> **Task instructions**
Give exactly the lines from the one that contains "Brass DN 5 Black" through the end of the entries below, both included; the pictures stay out.

——

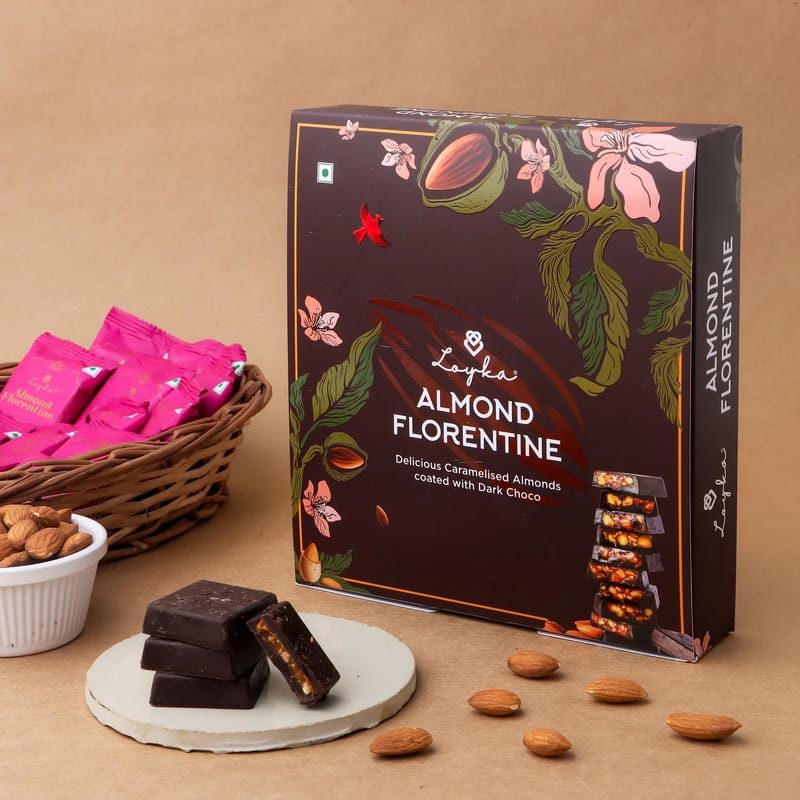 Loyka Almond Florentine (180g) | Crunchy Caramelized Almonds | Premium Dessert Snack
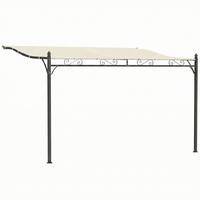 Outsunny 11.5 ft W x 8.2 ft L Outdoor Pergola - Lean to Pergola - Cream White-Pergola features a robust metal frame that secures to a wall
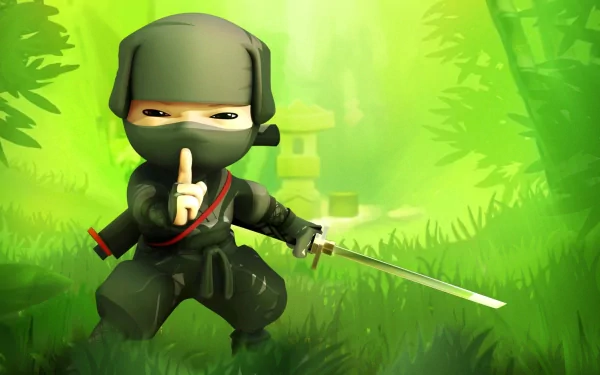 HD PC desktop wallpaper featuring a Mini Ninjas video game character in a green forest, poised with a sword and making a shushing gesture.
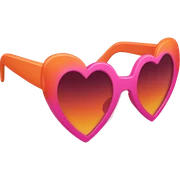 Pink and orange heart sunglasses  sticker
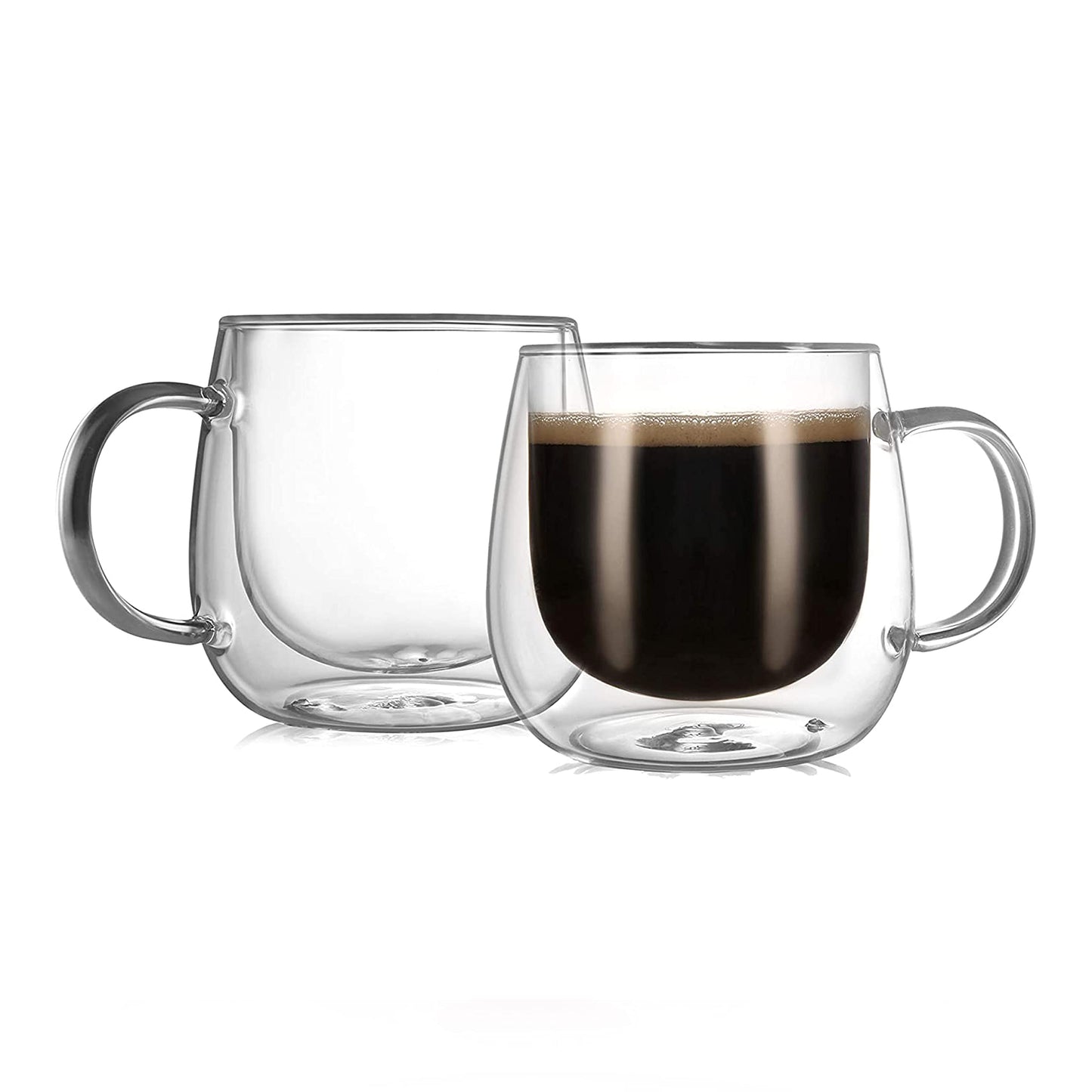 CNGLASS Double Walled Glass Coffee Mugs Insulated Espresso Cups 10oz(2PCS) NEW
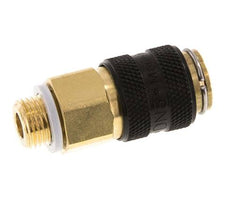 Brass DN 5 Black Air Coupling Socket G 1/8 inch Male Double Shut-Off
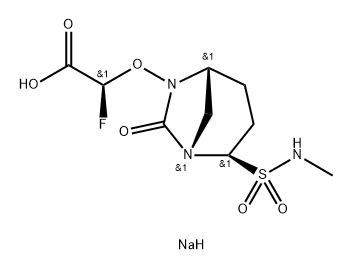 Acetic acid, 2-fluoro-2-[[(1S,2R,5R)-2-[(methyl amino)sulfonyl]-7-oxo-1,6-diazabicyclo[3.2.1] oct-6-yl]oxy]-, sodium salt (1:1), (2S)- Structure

——

> **Response area**
 Brass DN 5 Black Air Coupling Socket G 1/8 inch Male Double Shut-Off
 Acetic acid, 2-fluoro-2-[[(1S,2R,5R)-2-[(methyl amino)sulfonyl]-7-oxo-1,6-diazabicyclo[3.2.1] oct-6-yl]oxy]-, sodium salt (1:1), (2S)- Structure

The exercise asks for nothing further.